A standard that is pretty widely used is to consider the print dimensions the key factor. If you are selling an 8" x 10" print, and you number it 1/50, you commit to selling no more than 49 more prints of this picture in an 8" x 10" format. 16" x 20" is OK, 10" x 12.5" is also OK, and so on.

A limited number of "Artists's Proofs" are also acceptable, usually 2-3, which should be labelled as such.

Limited editions come in two varieties: The most common never some close to selling out. The rare few sell out, and then the artist wishes they'd numbered that first one 1/500 rather than 1/25.

An idea Mike over at ToP has come up with is to make it unlimited, but to increase the price over time. The first 10 sell for $100, the next 10 for $500, and so on.


----------



## KmH (Nov 19, 2013)

ottor said:


> I think the numbering of current/modern photographs are kina foolish and misleading.


Serious collectors don't find it foolish or misleading.
Numbered and sequenced limited editions help define the value of what they collect.

From a business perspective, it is a time honored sales technique.


----------



## orljustin (Nov 20, 2013)

ottor said:


> My question is as follows. When you number an image printed on Metallic photo paper, and then print another on Luster, or pearlescent paper, does that numbering sequence continue, or do you number the exact finished process, and begin another with another type of finish. You know that a photograph printed on Metallic paper, and one that is printed with a Matte finish look totally different. Are they, in the numbering world, the same product - or different, with different numbering series? What about one printed on paper, say, 5/100, and then you have one finished on Canvas, is that now 6/100 ?



I doubt there's anyone selling anything here that a number on a print would really mean anything or make it more "valuable".


----------



## amolitor (Nov 20, 2013)

When you're buying Art it's not at all unreasonable to want some reassurance that you're not buying something that's going to be everywhere next year. This isn't Decor, this is Art.

That's all a number is, a reassurance that this won't be all over the place.


----------



## Steve5D (Nov 20, 2013)

orljustin said:


> I doubt there's anyone selling anything here that a number on a print would really mean anything or make it more "valuable".



And you're probably exactly correct.

It needs to be pointed out, though, that no one here is buying it. 

If a client wants a numbered print from me, you can bet your last dime that's what he's going to get. If I make it "#82/250", the client is happy, and I'm content in the knowledge that I'll probably not need to sell 251 of those prints...


----------



## pixmedic (Nov 20, 2013)

orljustin said:


> I doubt there's anyone selling anything here that a number on a print would really mean anything or make it more "valuable".



Really? 
 the customer who purchased Ottors print from the gallery seems to think otherwise.


----------



## Justman1020 (Nov 20, 2013)

"Your work is only worth what someone is willing to pay" 

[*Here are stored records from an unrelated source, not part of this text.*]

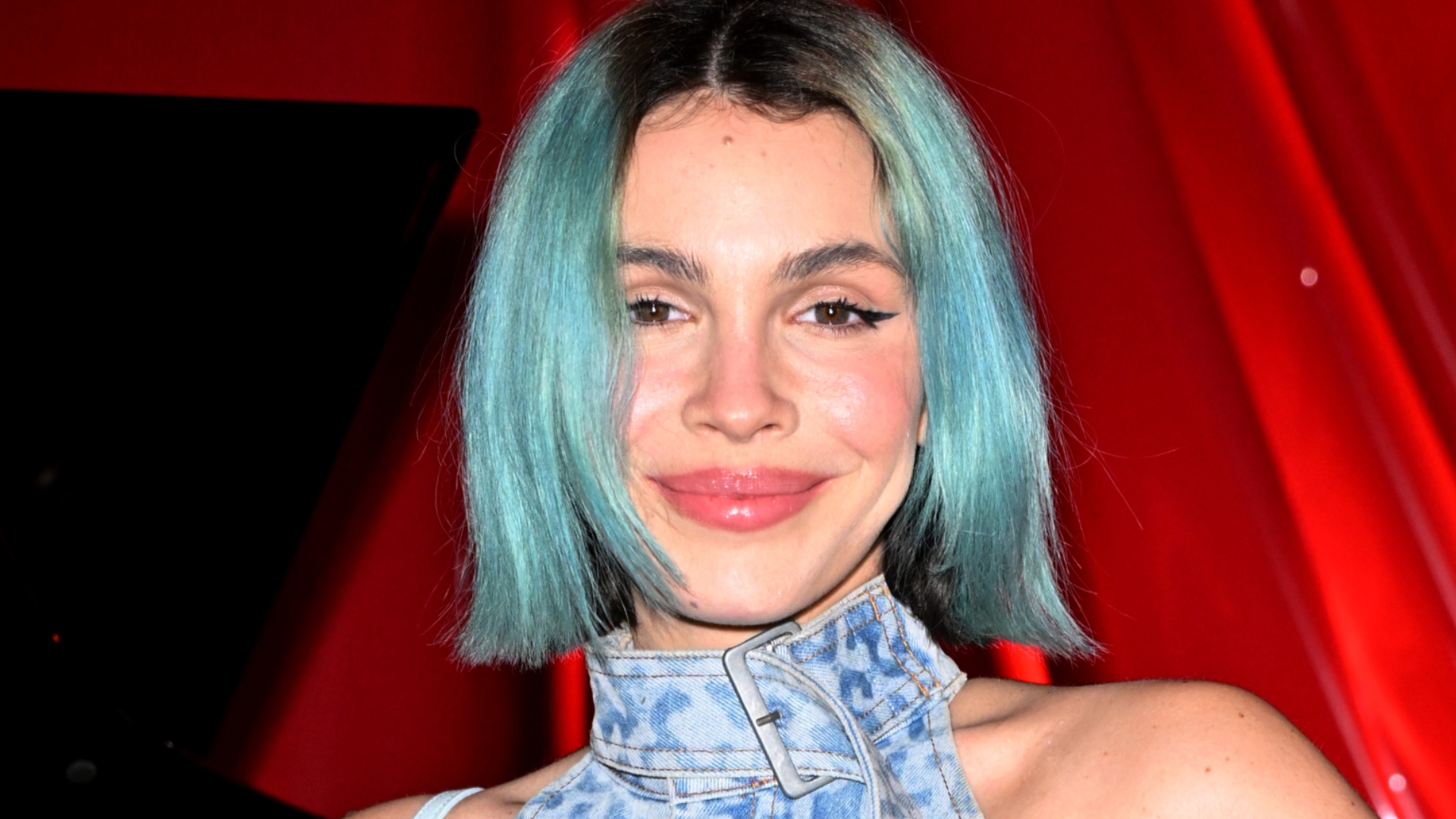 Rose Villain smiling at fashion event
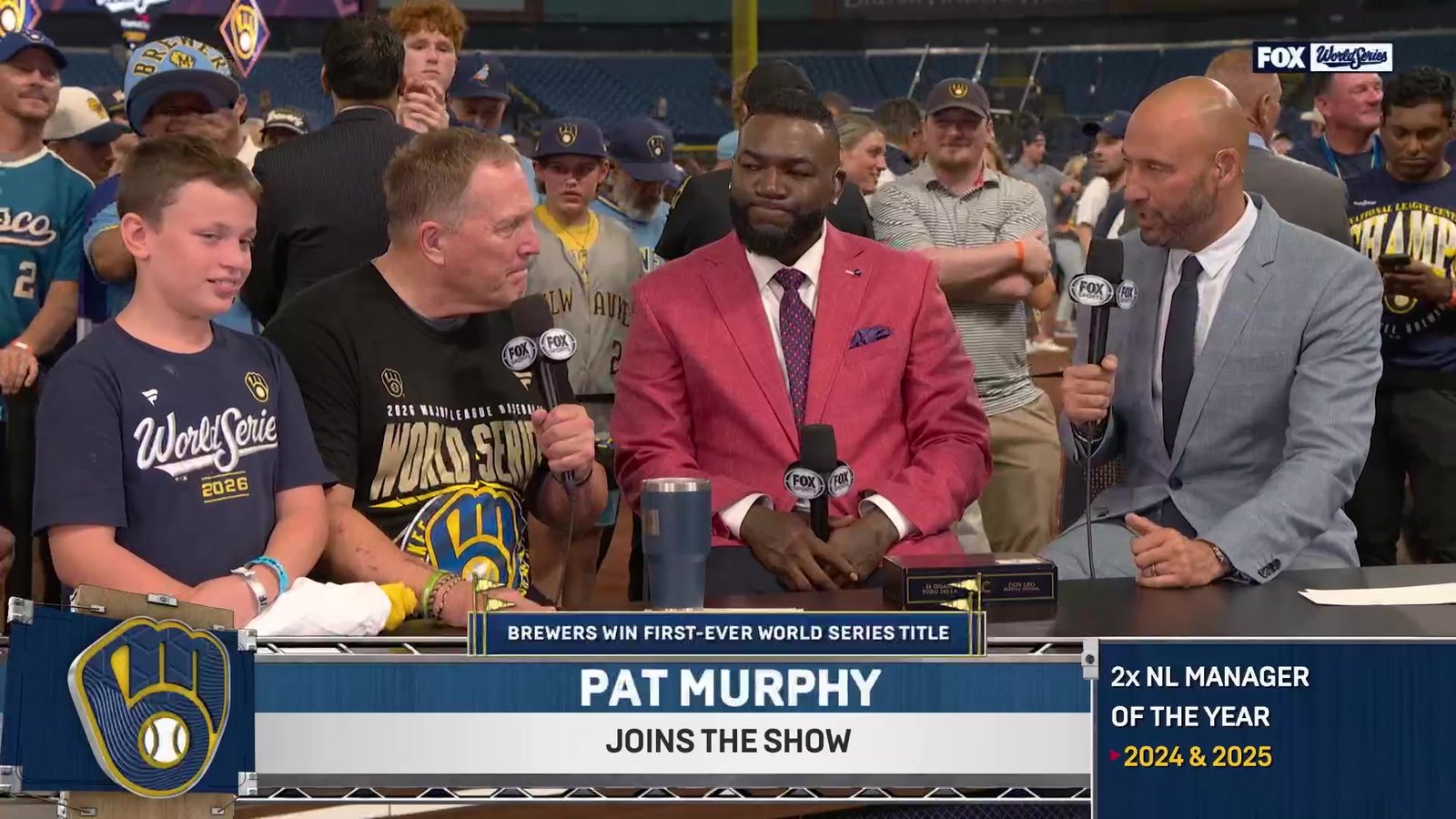 Pat Murphy with David Ortiz and Derek Jeter at FOX’s postgame broadcast desk.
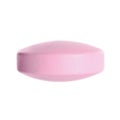 One pink pill on white background. Medicinal treatment Royalty Free Stock Photo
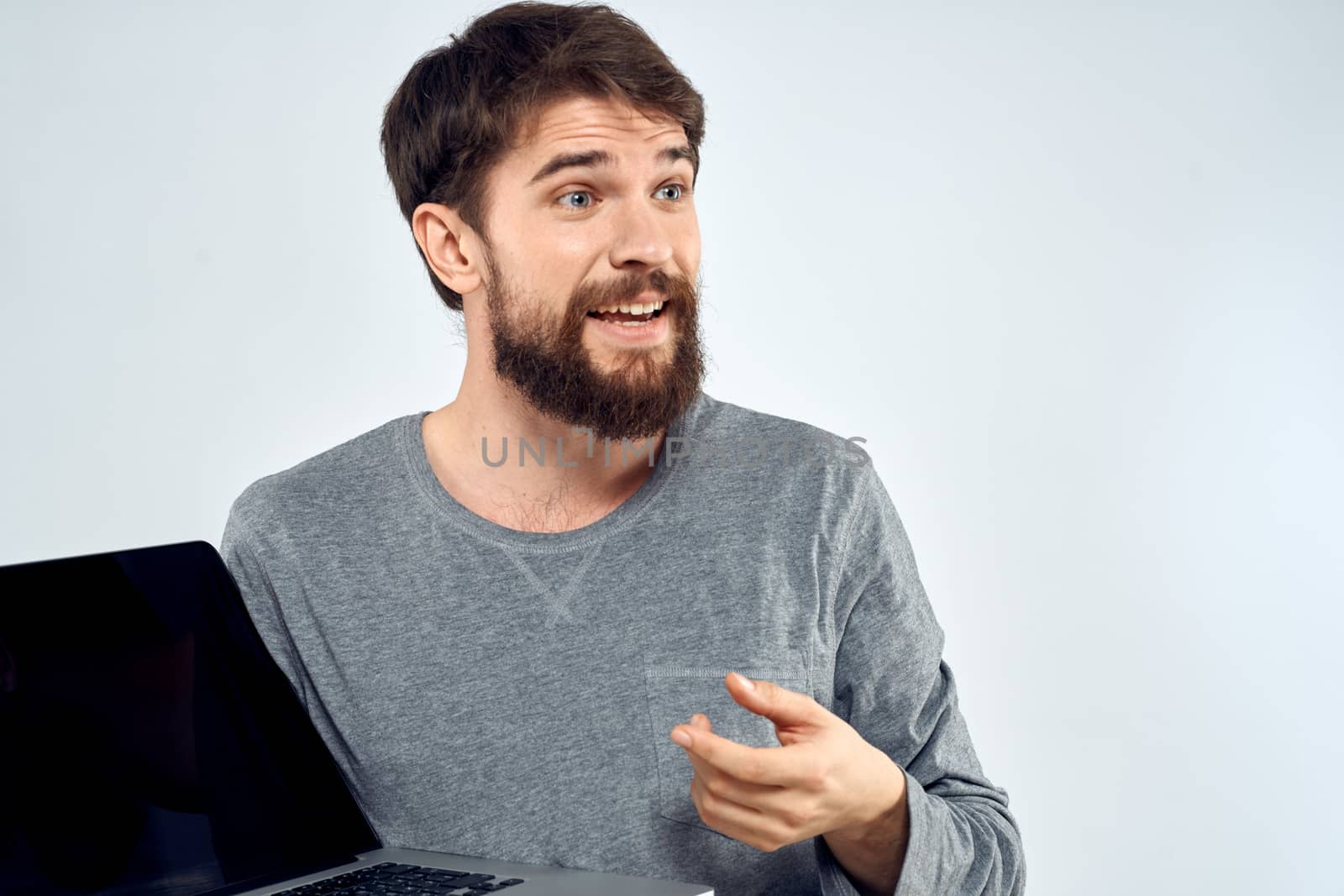 A man in a gray sweater with a laptop hands lifestyle technology communication internet work by SHOTPRIME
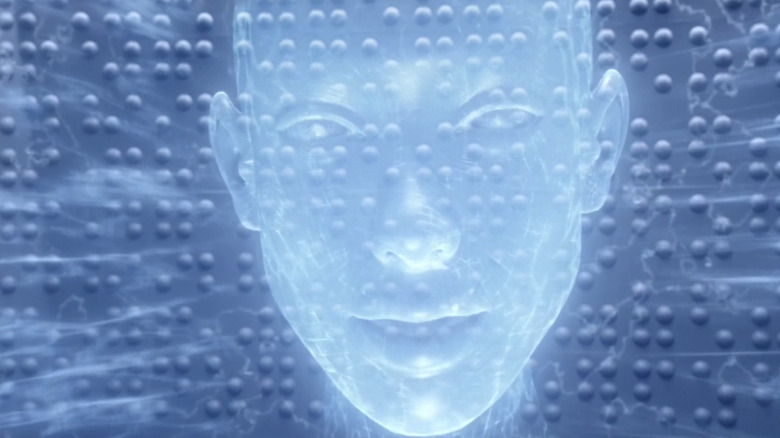 A blue holographic display of a woman in a futuristic laboratory. She has no hair and no detail in her eyes.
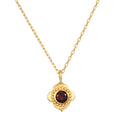 A close-up view of the Spiritual Strength Garnet Lotus Necklace featuring an intricately designed lotus pendant with a garnet stone. This elegant piece of spiritual jewelry serves as a talisman, embodying themes of meditation and meaningful manifestation, perfect for yoga and wellness enthusiasts seeking protection and grounding energy.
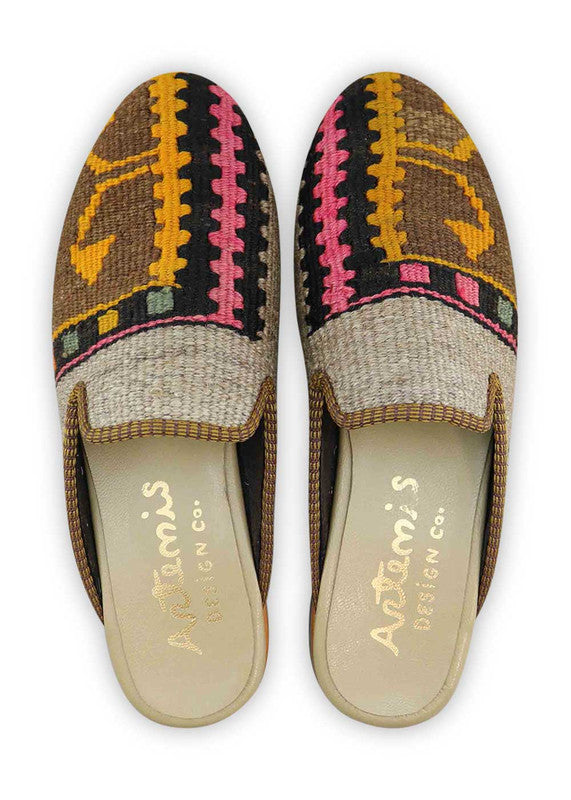 The Artemis Men's Slippers showcase a vibrant color combination of black, fuschia, orange, green, yellow orange, brown, and khaki. These slippers offer an energetic mix of bold and earthy tones, creating a stylish and eye-catching look. (Front View)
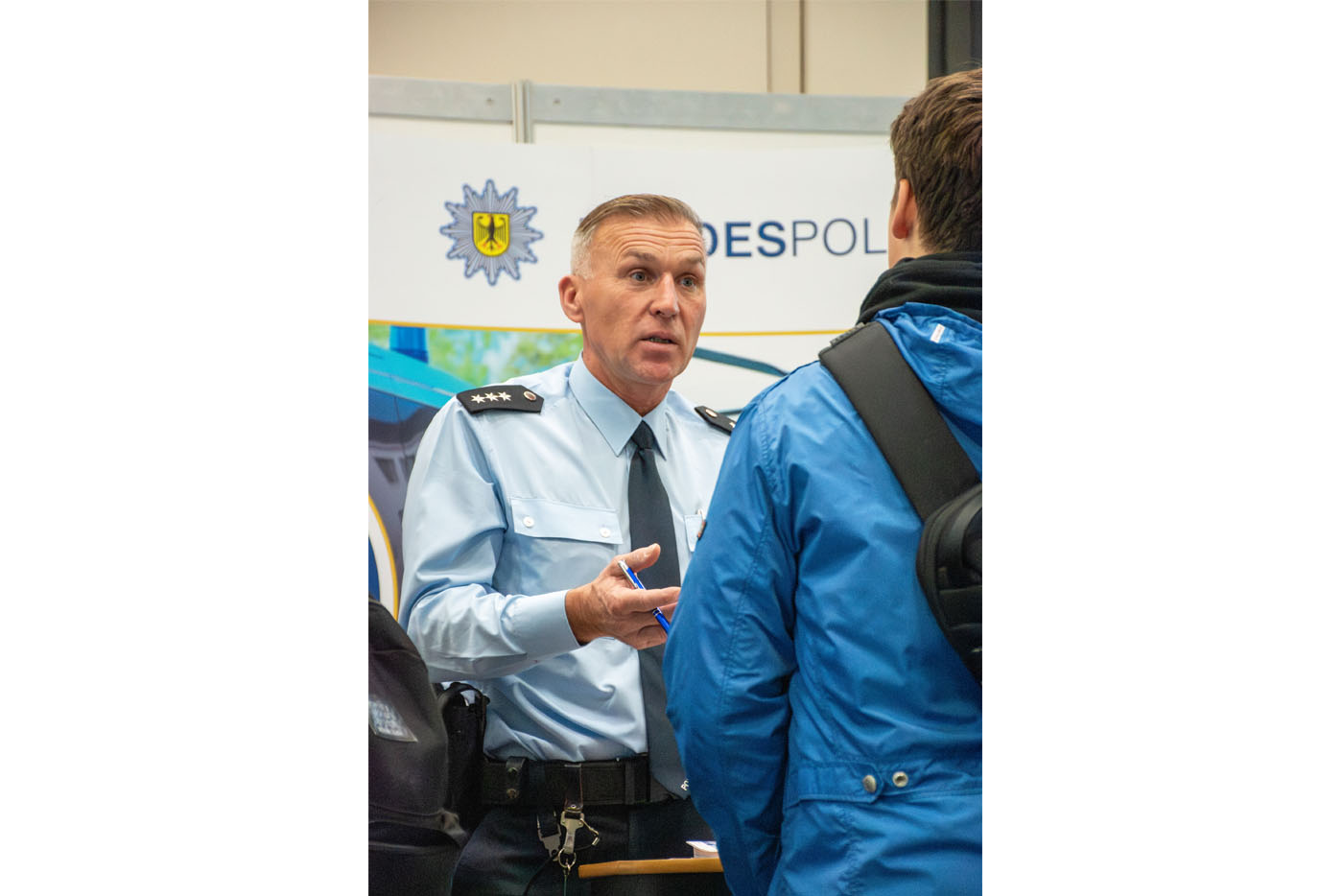 Polizist in Uniform unterhält sich am Messestand mit jungem Mann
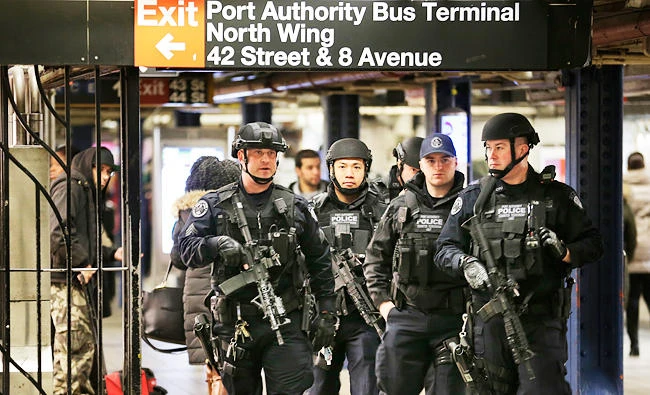 Police officers patrol in the Port Authority Bus Terminal in New York, on Tuesday, near the site of Monday's explosion. (AP)
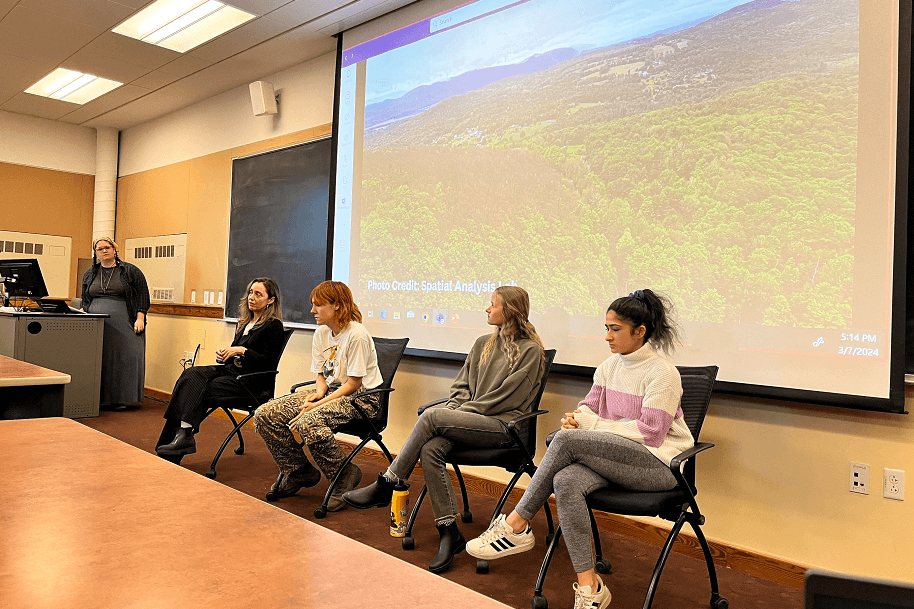 Panelists at the front of a conference room during a talk hosted by the Inclusive Arts Initiative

true statement. You may think its worth more or less, but the above statement is true. Someone's willing to pay more for putting a number on it? Put a number on it.


----------



## Light Guru (Nov 20, 2013)

I would explain to the customer that your prints are not numbers because you do not limit prints of an image to a set number of prints. if they still insist on it being numbered then have some fun and number it like this 







-1/


----------



## amolitor (Nov 20, 2013)

You're not just "writing a number on it" you're making a commitment, a legally binding. To a very large extent you get to set the terms of that commitment, but before you go scribbling numbers on things you should think it through.


----------



## pixmedic (Nov 20, 2013)

I know next to nothing about galleries or selling prints in them, so if someone could educate me on this..... 

If you put a number on a print, say, 1 of 200.
are you saying that you already HAVE 200 prints of that picture, and that one is just the first?  Or are you saying that you will only print a maximum of 200 and as of right now, that one could be the only one?


----------



## KmH (Nov 20, 2013)

That one is the 1st of a limit of 200 that will be made, usually _in that size_.


----------



## amolitor (Nov 20, 2013)

You can probably make an argument for any substantial visual difference separating "editions", but as KmH points out, usually the size is used as the indicator. The number /200 indicates that no more than 200 will ever be made available for sale in this edition, which is usually _in that size._

Color versus b&w would probably be fine. Glossy paper versus matte would be.. iffy. Silver vs. platinum? I dunno! I bet that one's never been tested in court!


----------



## pixmedic (Nov 20, 2013)

Ok.  So you dont ever have to actually print 200 of them, but thats the max number you can do in one particular size. 
What leads someone to pick a larger or smaller number?


----------



## Steve5D (Nov 20, 2013)

pixmedic said:


> Ok.  So you dont ever have to actually print 200 of them, but thats the max number you can do in one particular size.



Correct...



> What leads someone to pick a larger or smaller number?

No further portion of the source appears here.